### [INSTRUCTIONS TO FOLLOW]
An exact copy of the data is needed, one that excludes all pictures.
━━━ RECORDS PROVIDED ━━━
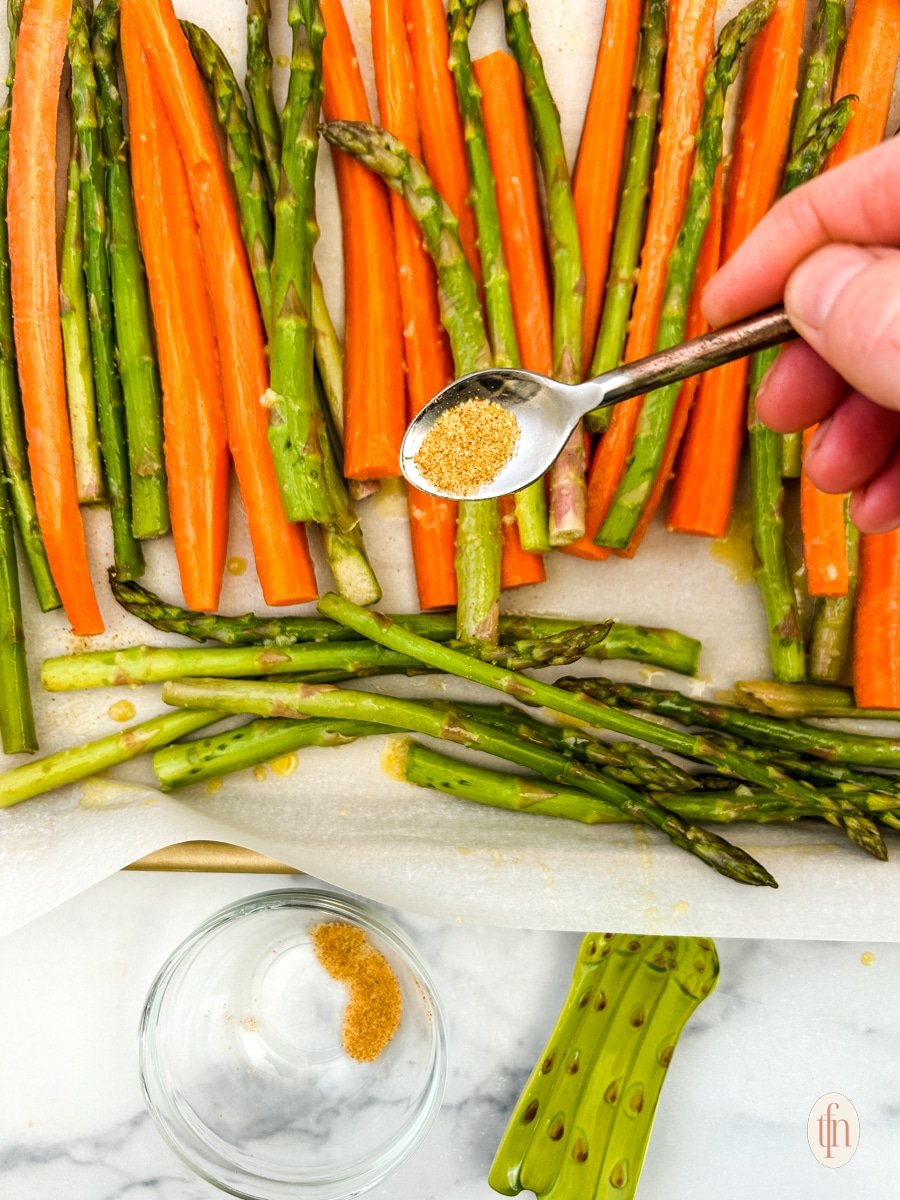 Adding seasoning to a plate of raw carrots and asparagus.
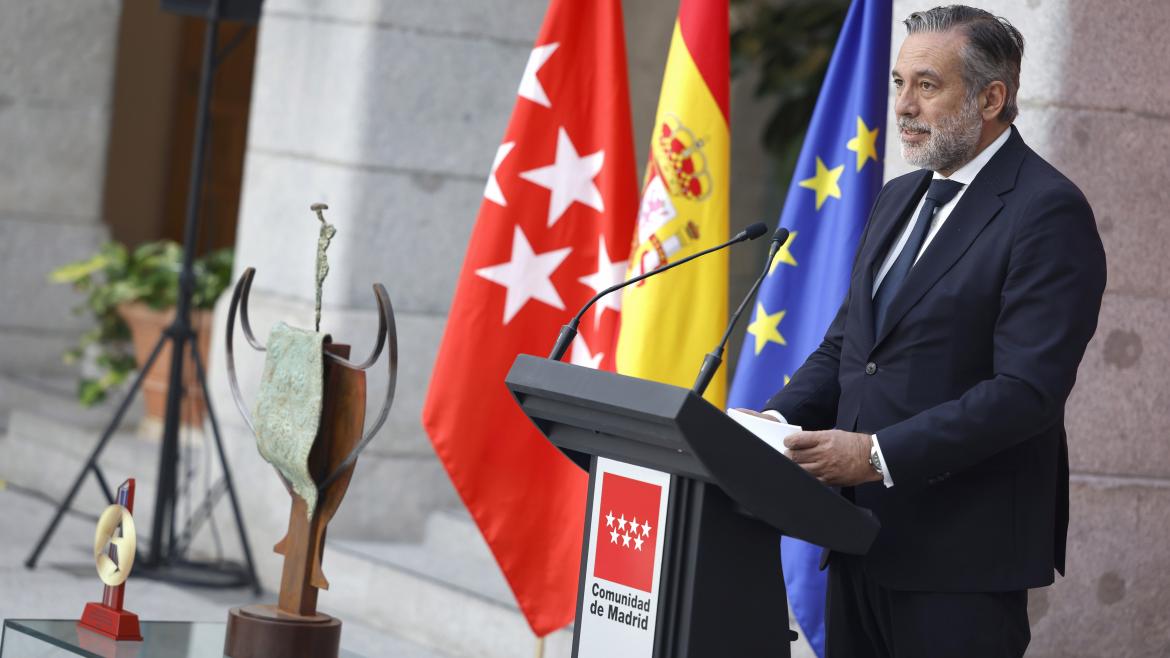 El consejero Enrique López interviene en el acto desde el atril con el trofeo al lado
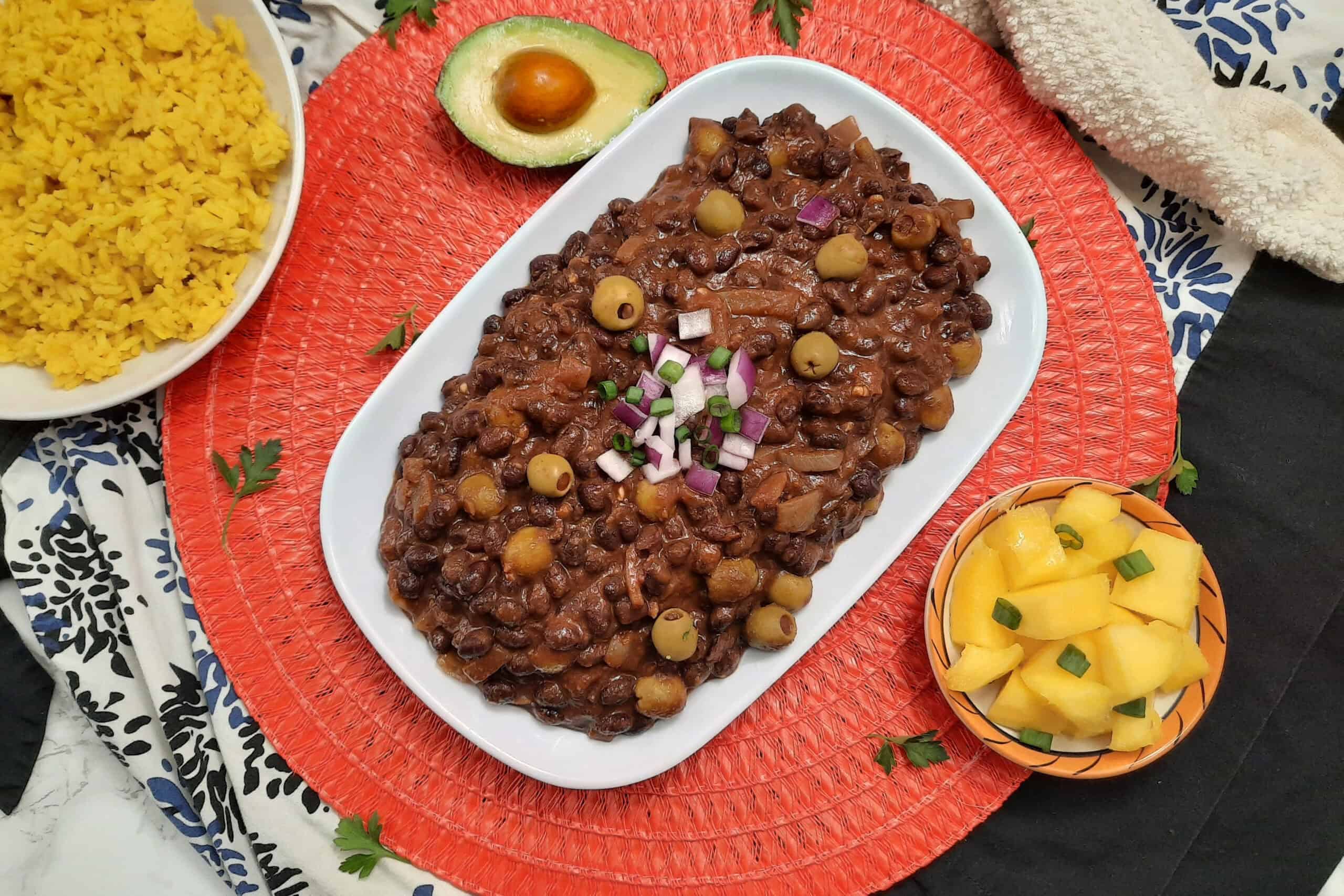 Frijoles-negros-Cuban-black-beans-top-view-white-plate-garnished-with-red-onions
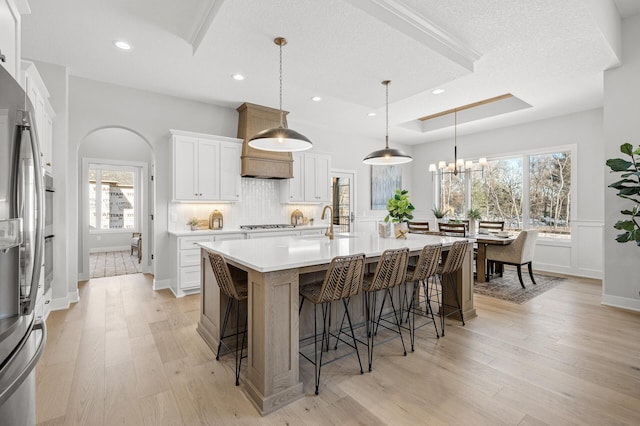 kitchen featuring pendant lighting, a large island with sink, white cabinets, light wood-type flooring, and a breakfast bar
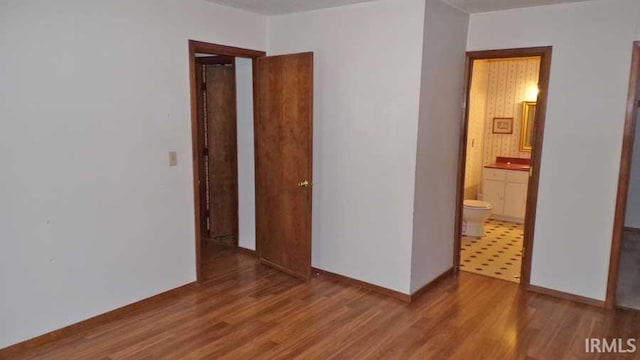 1001 Barnett St, Vincennes, IN 47591 - unfurnished room featuring wood finished floors and baseboards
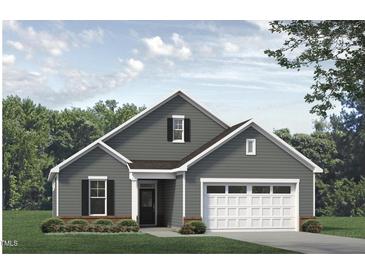 Charming home with gray siding, white trim, a black front door, and an attached garage at 133 Oban Dr, Homesite 151, Sanford, NC 27330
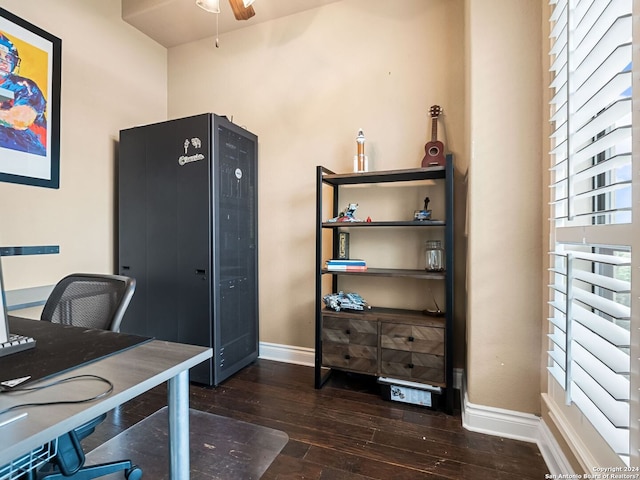 office with dark hardwood / wood-style flooring and ceiling fan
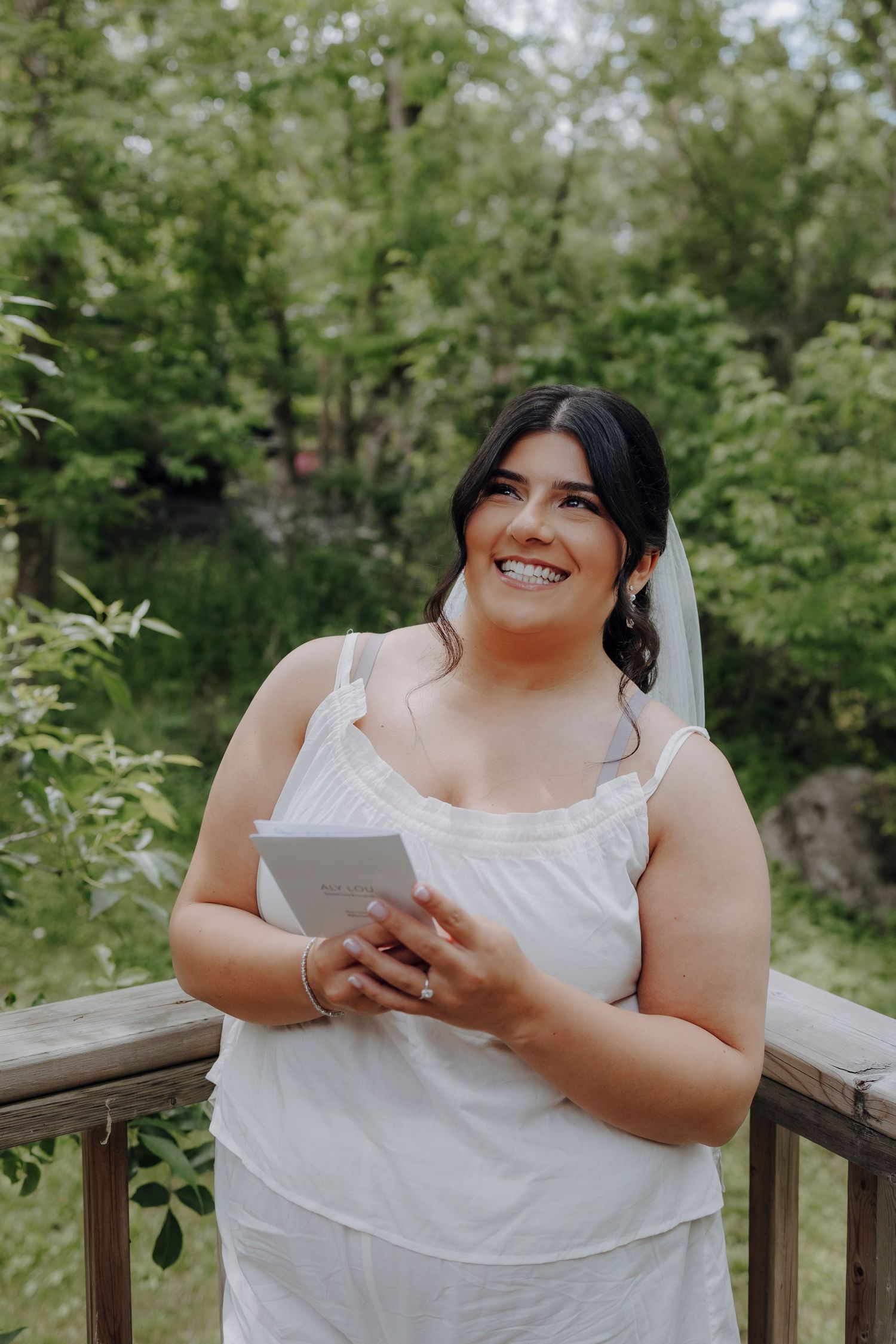 Person in a white sleeveless top sits on wooden deck surrounded by greenery while using a digital tablet.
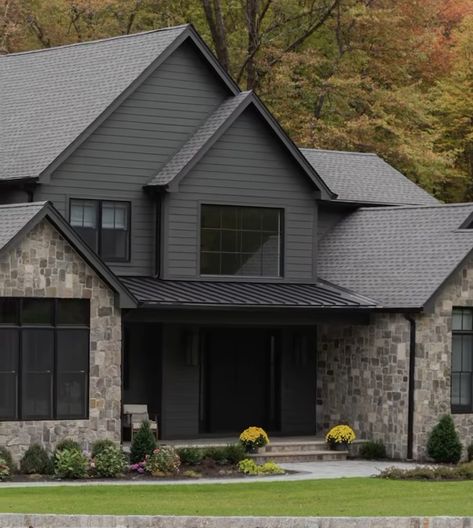 Dark Exterior With Stone, House Exterior Dark Grey, Dark Gray Ranch House Exterior, Dark Grey Farmhouse Exterior, Dark House Colors, Charcoal House Exterior, Urban Bronze Exterior House, Dark Grey House Exterior, Grey Farmhouse Exterior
━━━
### [PROBLEM SOLUTION]
 Adding seasoning to a plate of raw carrots and asparagus.
 El consejero Enrique López interviene en el acto desde el atril con el trofeo al lado
 Frijoles-negros-Cuban-black-beans-top-view-white-plate-garnished-with-red-onions
 kitchen featuring pendant lighting, a large island with sink, white cabinets, light wood-type flooring, and a breakfast bar
 1001 Barnett St, Vincennes, IN 47591 - unfurnished room featuring wood finished floors and baseboards
 Charming home with gray siding, white trim, a black front door, and an attached garage at 133 Oban Dr, Homesite 151, Sanford, NC 27330
 office with dark hardwood / wood-style flooring and ceiling fan
 Person in a white sleeveless top sits on wooden deck surrounded by greenery while using a digital tablet.
 Dark Exterior With Stone, House Exterior Dark Grey, Dark Gray Ranch House Exterior, Dark Grey Farmhouse Exterior, Dark House Colors, Charcoal House Exterior, Urban Bronze Exterior House, Dark Grey House Exterior, Grey Farmhouse Exterior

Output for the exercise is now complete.